Take a deep breath and fix it. Once you’ve let your customers know about the problem, get to work and don’t worry about anything else. A few customers might contact you during this time because they may not have seen your announcements. If you’re on your own, don’t reply right away unless you have time. You’ll be able to reply after everything is fixed–and with far more useful information. If you can, send out a quick reply pointing them to your status updates while you work on the problem.

Once the storm has passed, be honest, clear, and precise–no matter what. There’s no benefit to even the slightest sugarcoating. If you gloss over what happened, you’ll only make things worse. I’ve read quite a few postmortems, and the only ones that go well are those that are down-to-earth and honest. The bad ones are never transparent and sincere. Explain exactly what went wrong and where you messed up.

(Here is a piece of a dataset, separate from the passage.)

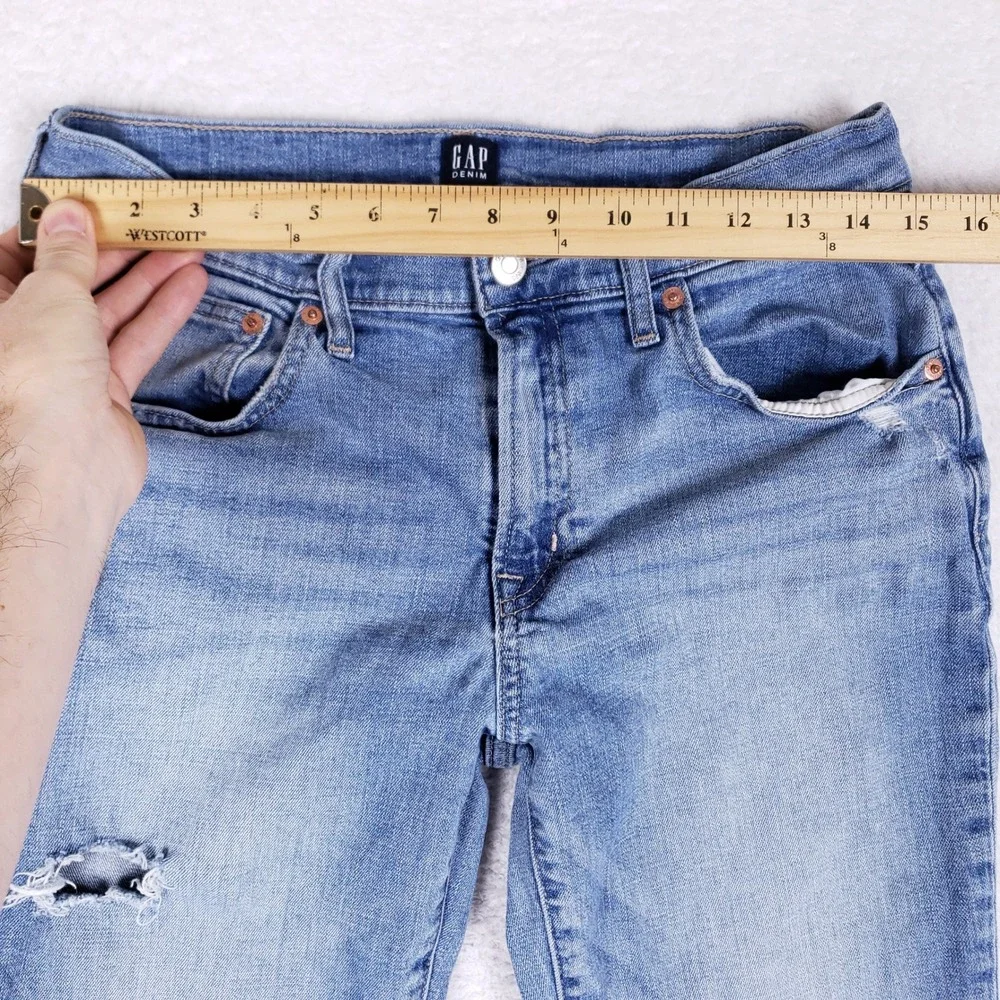 GAP Denim Girlfriend Jeans Womens 6/28 Light Wash Distressed Frayed Hem Stretch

Include any relevant technical details you think your customers would want.

Don’t forget to clearly outline the steps you’re taking to prevent this kind of problem in the future. It’s OK if you don’t have a perfect answer straightaway, but you should have a plan you can share with your customers within twenty-four to forty-eight hours. Communication makes all the difference.

Anecdote: My Big Mistake with Sifter

We had begun talking about upgrading our infrastructure, and were exploring the idea of moving hosts and improving our backups while continuing to work on some improvements to the application. In the hope it might buy us some time and lessen the urgency of the looming infrastructure upgrades, I decided I’d increase the size of our virtual machine.

I chose poorly.

When I reviewed our performance the next morning, I noticed the upgraded virtual machine hadn’t made much difference, so we decided to revert back to the original virtual machine. All I was thinking about was the downtime we were facing–a quick revert would just need a reboot, and we’d be down for less than a minute. Leaving the upgraded virtual machine in place and resizing downward later would mean twenty to thirty minutes of downtime. I chose the former since it would minimize downtime. But within seconds of making that decision, I realized I’d made a mistake.

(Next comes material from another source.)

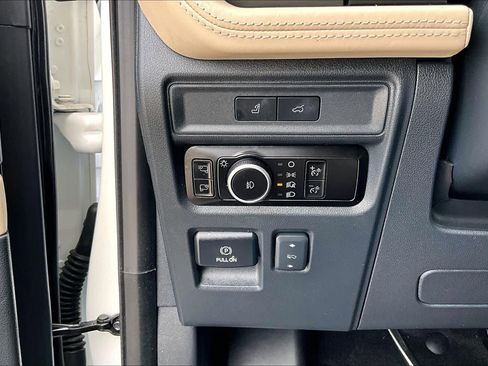 Used 2023 Ford Expedition Max Platinum RWD image 65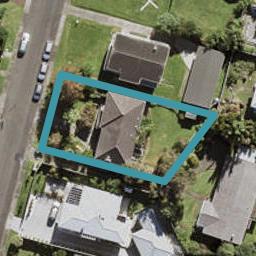 8 Dudding Avenue, Northcote, Auckland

When we reverted to the old copy of our virtual machine, we overwrote all the customer data that had been created on the new virtual machine overnight–about eleven hours’ worth. We managed to recover about three hours’ worth from our backups, but the remaining eight hours of lost data coincided with Europe’s peak business hours, so some of our customers were seriously affected. I’d never had such a sinking feeling like that before. My initial (over)reaction was that our customers would leave in droves, and Sifter wouldn’t survive. Fortunately, that was far from the case.

We immediately went into recovery mode, and we remained transparent as we talked with our customers about our mistake, the consequences, and our plans. We issued a month’s credit to every affected customer, losing a fair amount of revenue as a result. It wasn’t the lost revenue that got to me–I was disappointed with myself. Thousands of people trust us with their data, and I had let them down. But over the next couple of days, I learned just how wonderful and understanding our customers could be. To the best of my knowledge, I don’t think anyone canceled as a direct result of the data loss, and most were very supportive.

As a result, we dramatically improved Sifter’s infrastructure and backups. Losing customer data was a painful lesson, but the bigger lesson was that by responding effectively and being transparent with customers, the fall out was no where near as bad as I originally expected.